97 N.W.2d 784 | Mich. | 1959

356 Mich. 665 (1959)
97 N.W.2d 784

THOMAS
v.
EMPLOYMENT SECURITY COMMISSION.

Docket No. 58, Calendar No. 47,821.

Supreme Court of Michigan.

Decided July 13, 1959.

*667 Paul L. Adams, Attorney General, Samuel J. Torina, Solicitor General, and E.J. Setlock, Assistant Attorney General, for Michigan Employment Security Commission.

Butzel, Eamon, Long, Gust & Kennedy (Addison D. Connor and James D. Ritchie, of counsel), for Scott Paper Company.

DETHMERS, C.J.

This is appeal from a circuit court order affirming an order of the employment security appeal board upholding a referee's decision that claimant, defendant John Thomas, Jr., is disqualified for benefits under the Michigan employment security act[*] for the duration of his unemployment, beginning April 17, 1957, because he left his work voluntarily without good cause attributable to the employer, defendant Scott Paper Company.

Claimant worked for employer from April 18, 1955, through April 2, 1957. On April 4, 1957, while driving to his employment he was arrested for driving an automobile without an operator's license. The next day he was convicted and sentenced to 15 days in the Detroit house of correction. On that day he notified his employer of his incarceration and that he would not be able to report for work until his release. On April 17th employer terminated his employment for failing to return to work. On April 19th he had completed serving his sentence and reported for work. He was denied admission to employer's plant and later was notified that he had *668 been discharged for failure to report for work due to jail sentence.

At the outset, it is to be observed that no claim is made here of the right to benefits for the period while claimant was in jail. During that period he did not meet the eligibility conditions of section 28 of the act in that he was not then "available" for work. (CLS 1956, § 421.28 [Stat Ann 1957 Cum Supp § 17.530].)

With respect to his unemployment beginning on April 19th, immediately after his release from jail and when he reported for work, was he, as held by the referee, disqualified for benefits under section 29, subd (1)(a)(1) of the act because he left his work voluntarily? (CLS 1956, § 421.29 [Stat Ann 1957 Cum Supp § 17.531].)
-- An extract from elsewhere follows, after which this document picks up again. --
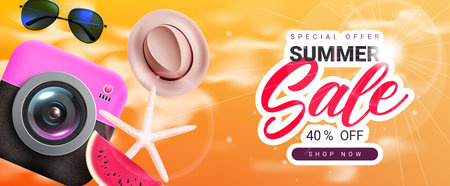 Summer sale vector design. Summer sale with special offer up to 40% off discount for banner flyers,...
There being no dispute as to the facts and circumstances attending and causing claimant's absence from work while he was in jail and thereafter, we reject employer's contention that the issue presented is not one of law but of fact requiring affirmance of the court below and the appeal board unless the decision is found to be contrary to the great weight of the evidence. Upon the record here presented the question whether claimant left his work voluntarily, within the meaning of the statute, is one of law, which we determine accordingly.

Employer points to the declaration of policy, in section 2 of the act (CL 1948, § 421.2 [Stat Ann 1950 Rev § 17.502]), that, inter alia, the reserves established under the act are "to be used for the benefit of persons unemployed through no fault of their own". This section does not purport to spell out disqualifications for benefits. That is left to section 29. The declaration of policy might be considered helpful in arriving at the legislative intent in its expression of disqualifications if the latter were vague or ambiguous. The disqualification stated *669 in section 29 and here sought to be invoked suffers from no such infirmity, as applied to the facts at bar, and is in no need of borrowing, for purposes of construction, from section 2.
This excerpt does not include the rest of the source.